Tekkon Kinkreet -Still need to read this before I can see the movie. It looks really good.
Uzumaki -Reconsidered this book when trying to find more grotesque Horror manga that’s not by the Author of Drifting Classroom. I really don’t like that guy’s artwork.
Parasyte -I read the first volume, which awakened an interest in grotesque horror manga. This book is bizarre and great.
Thee Shadows -I like the cartoony, animation-y style of the character design in this book, even though I have no idea what it’s about. No one publishes the same kind of material as First Second books.

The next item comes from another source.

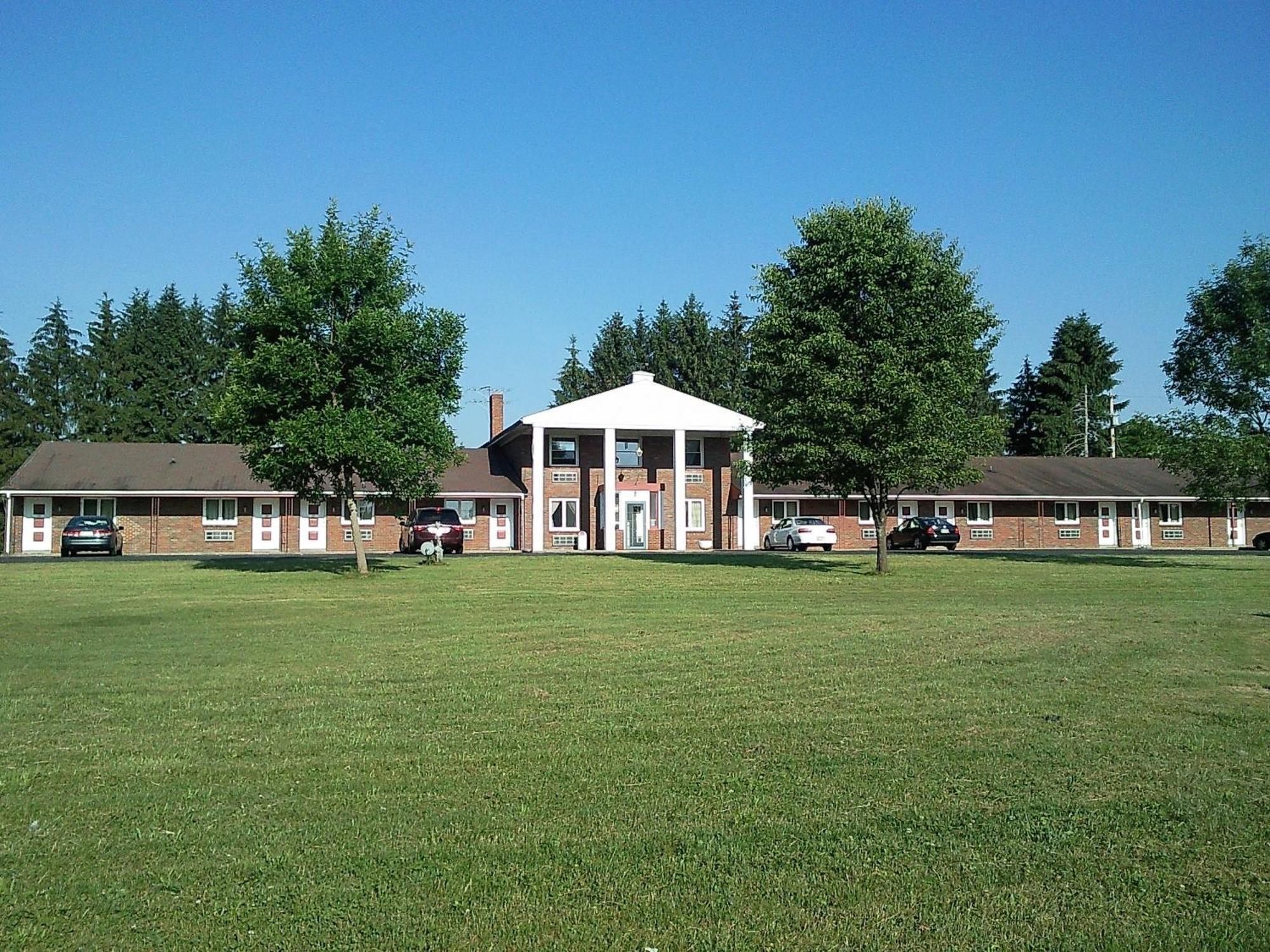 Colonial Inn Mercer-Grove City Exterior photo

What It Is -Lynda Barry’s work is oddly compelling. A lot of it is kind of charmingly ugly. I read a portion of this in the Free Comic Book Day preview, and I will say that this looks a lot more easy to navigate when its printed in color. It makes me impatient for the series of Ernie Pook’s Comeek collections – which will present Lynda Barry weirdness within the regular structure of the weekly comic strip.
REAL by Takehiko Inoue -This seinen manga about wheelchair basketball has been getting a lot of attention. The artwork is very attractive, looking more like his work on Vagabond than his work on Slam Dunk and Harlem Beat. I wonder if that’s just a matter of progressing as an artist or moving from shonen to seinen.
Kafka -There are two Kafka books in the graphic novel section- A Graphic Novel version of The Trial, and a Biography of Kafka illustrated by Robert Crumb. Crumb is unusual for being a comics master without a masterpiece. It’s like Alan Moore without Watchmen, or Art Spiegelman without MAUS. For that reason, I might be interested in getting this.